Reception: March 26th, 2022
_VIGILGONZALES Cusco - Pampa del Castillo 455, Cusco
Vigil Gonzales is pleased to present Fractured Atlas, the first solo exhibition by Puerto Rican artist Karlo Andrei Ibarra at the gallery.
It can be said that Latin America has developed over time, powerful processes of cultural readjustment and reinvention in response to the various manifestations of neocolonialism that have been imposed
In the last century, the region has suffered countless blows to constitutional order, civil wars, external interventionism and unregulated exploitation of basic resources. In counter-demonstration to these phenomena, forms of resistance have been formed that have served to affirm visions of reality and a reformulation of our historical memory.

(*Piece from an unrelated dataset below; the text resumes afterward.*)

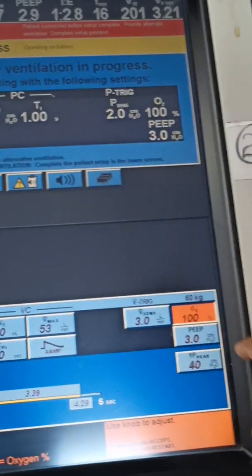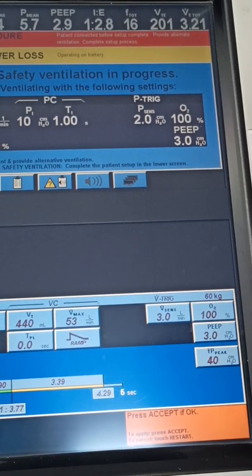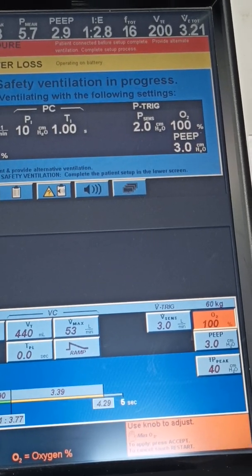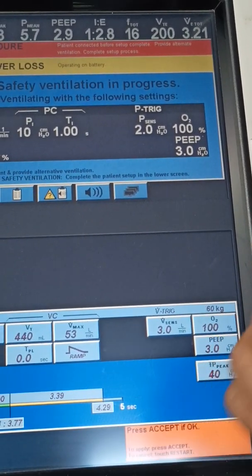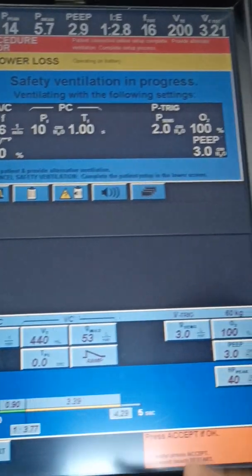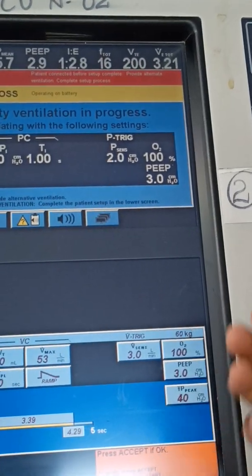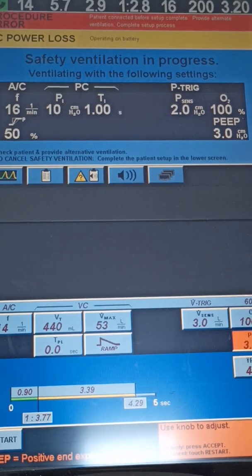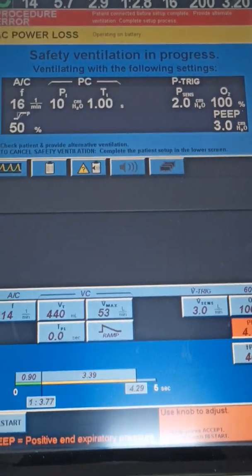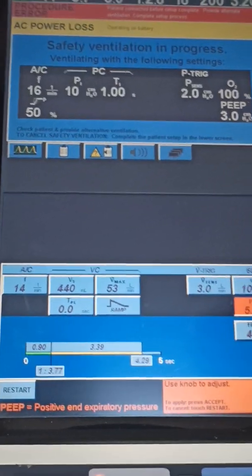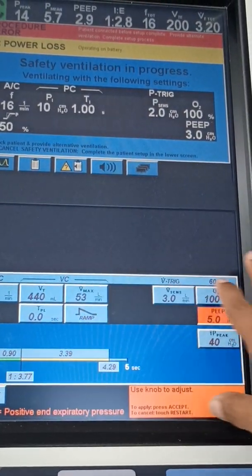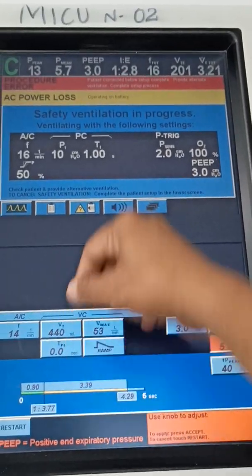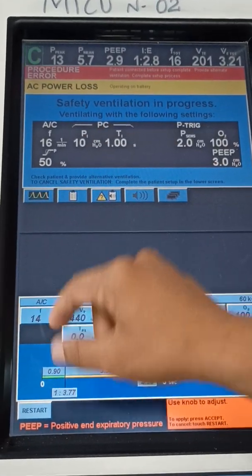Next on this side you will have FiO2. You can increase or decrease FiO2. FiO2 will be set based on the ABG values — PaO2 divided by FiO2. Based on that you will set the FiO2. Next, PEEP — usually you will give 4 to 5. Positive end-expiratory pressure — I kept it at 5. So in volume mode you set the tidal volume.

Since 2005, Puerto Rican artist Karlo Andrei Ibarra has been interested in reviewing aspects of our political history. In this new series Mapas de piel, the artist is interested in the idea of the map as a membrane that constantly mutates. After many years of research he puts the idea of the map as a primary entity and is dedicated to recreate maps of characteristic territories such as Peru, Lima, Cusco among others. Through this exercise Ibarra recounts the changes to which our region is subjected from a political, environmental and economic perspective.
This series of collages and cartographies are meticulously constructed from the collection of layers of paint which are extracted from colonial structures and buildings in constant transformation and change in the city of San Juan. Ibarra uses these skins from his personal gaze to animate a flexible geography from aspects such as memory as a fundamental basis for understanding our past, as well as our present.
In his piece entitled Looting, which is part of the exhibition, a pair of concrete military boots tread on a motionless map of Latin America. With this piece the artist makes clear reference to the historical and political weight of interventionism and the exploitation of natural and human resources that persist in the collective imaginary and in everyday practice.
Finally, in his in-situ installation Jardín Eterno, the artist has randomly dropped coca leaves printed with the word resist, which can be associated with the action of breathing at a great height from which one also has a good visual perspective, but also as its title mentions, Jardín Eterno recalls the resistances of communities as a result of cultivation through years of struggle and resistance.